BEGIN

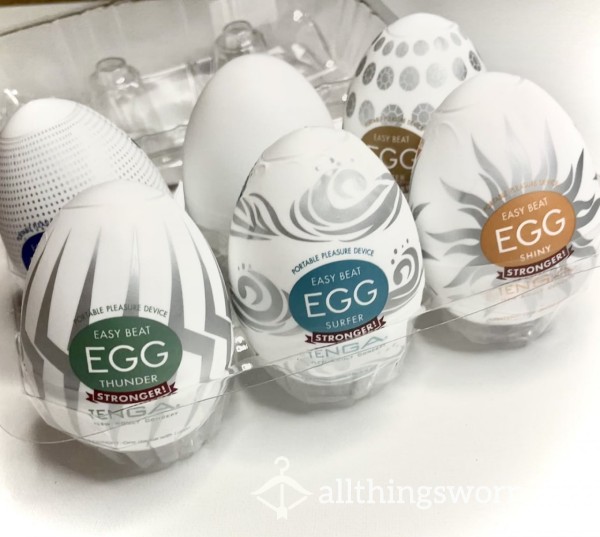 Tenga Eggs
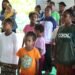 Momentum Kenaikan Yesus Kristus, Persekutuan Oikumene Polda Papua Tebar Kepedulian di Sentani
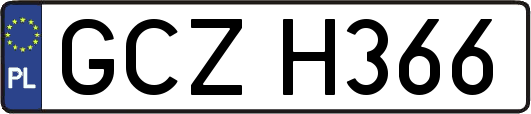 GCZH366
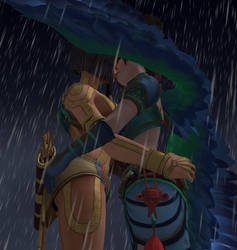 Jing Wei and Neith 2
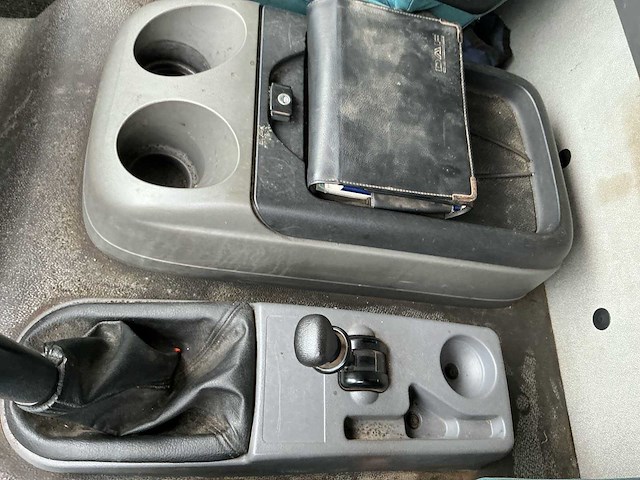 2004 daf lf 45.180 ae450f vrachtwagen / oprijwagen - afbeelding 8 van  19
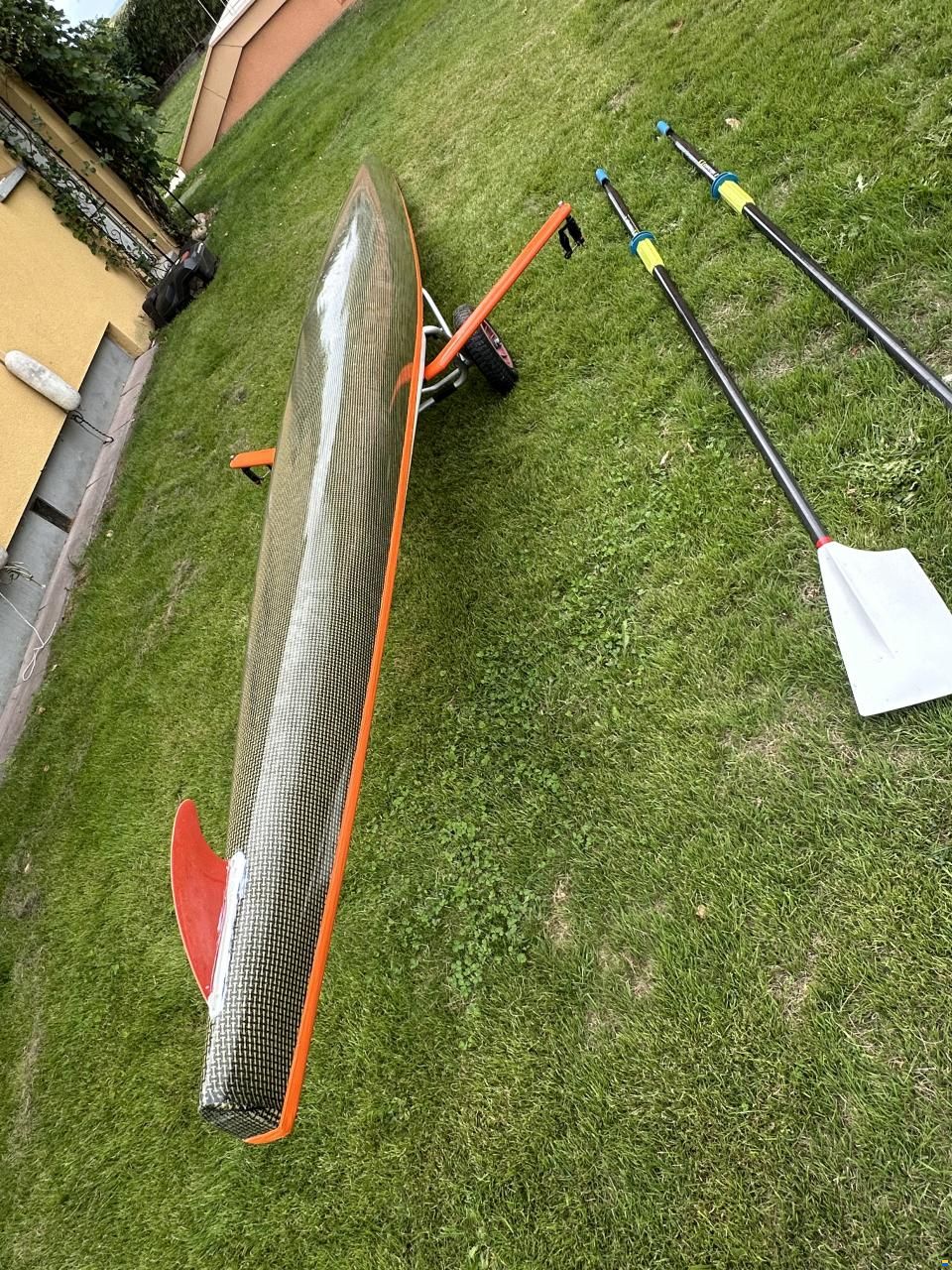 Litewing Skiff Ruderboot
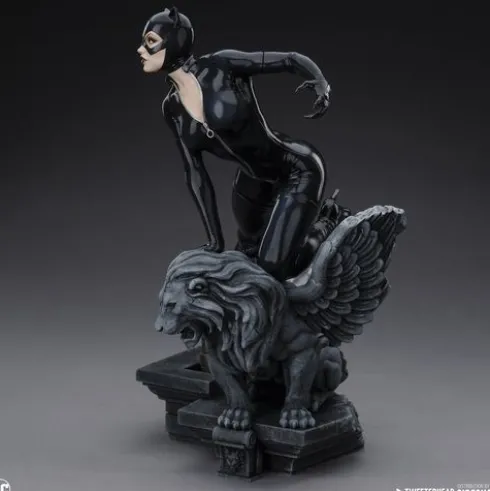 DC Comics Estatua 1/6 Catwoman Tweeterhead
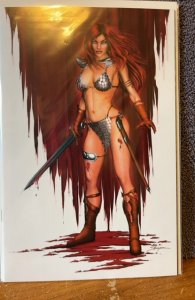 Red Sonja #1(2023). Class exclusive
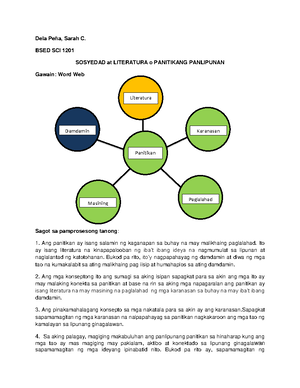 Asean LIT Activity - Asean Literature - ACTIVITY IN ASEAN LITERATURE ...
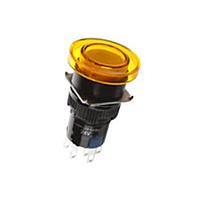 C&K PLP1606RD3SA6 Pushbutton Switches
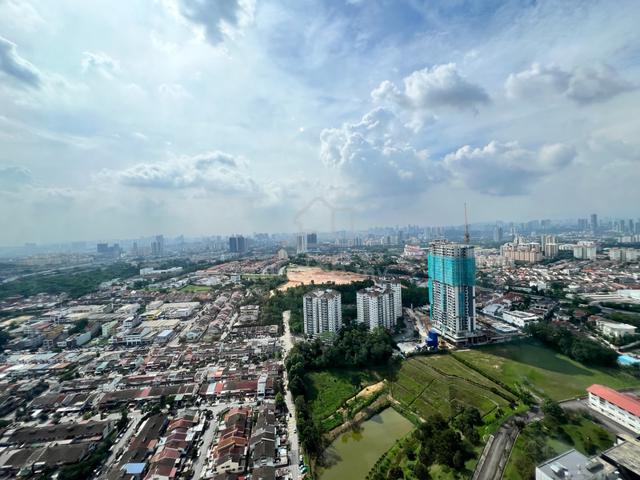 EkoCheras Service Apartment 4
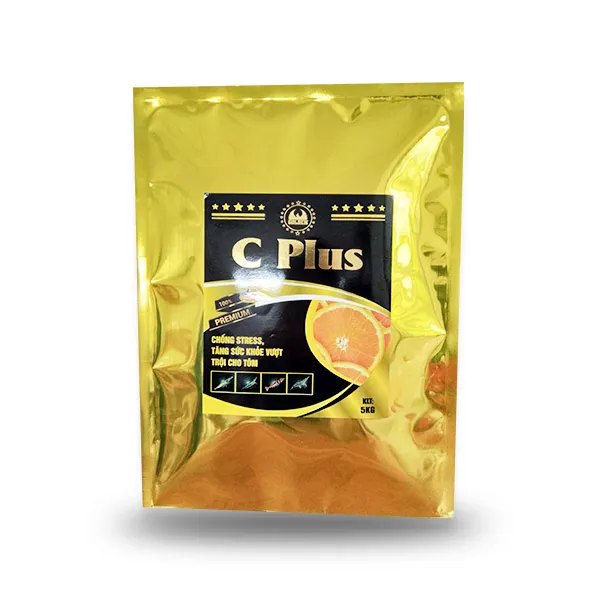 C Plus - Chống stress cho tôm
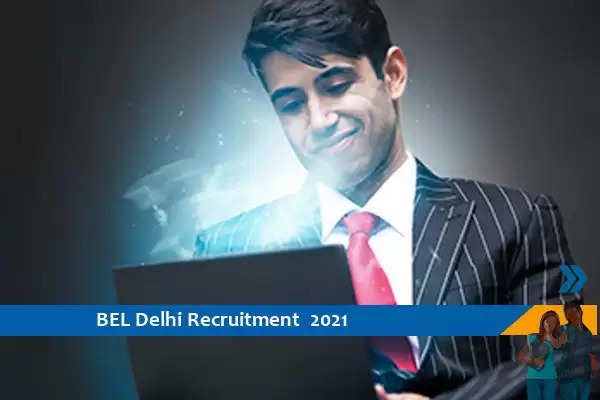 Recruitment to the post of Director in BEL Delhi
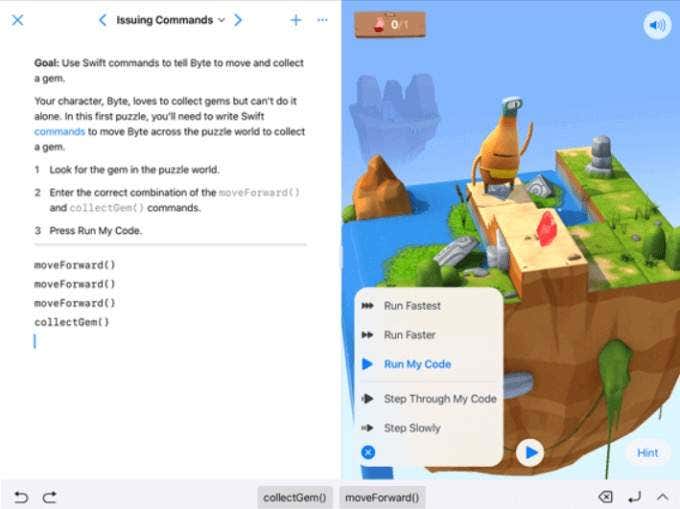 Swift Playgrounds image - Swift-Playgrounds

END

• [Work to complete]: With the pictures removed, output the listing above exactly.

• [Result for this exercise]:
 Tenga Eggs
 Momentum Kenaikan Yesus Kristus, Persekutuan Oikumene Polda Papua Tebar Kepedulian di Sentani
 GCZH366
 Jing Wei and Neith 2
 2004 daf lf 45.180 ae450f vrachtwagen / oprijwagen - afbeelding 8 van  19
 Litewing Skiff Ruderboot
 DC Comics Estatua 1/6 Catwoman Tweeterhead
 Red Sonja #1(2023). Class exclusive
 Asean LIT Activity - Asean Literature - ACTIVITY IN ASEAN LITERATURE ...
 C&K PLP1606RD3SA6 Pushbutton Switches
 EkoCheras Service Apartment 4
 C Plus - Chống stress cho tôm
 Recruitment to the post of Director in BEL Delhi
 Swift Playgrounds image - Swift-Playgrounds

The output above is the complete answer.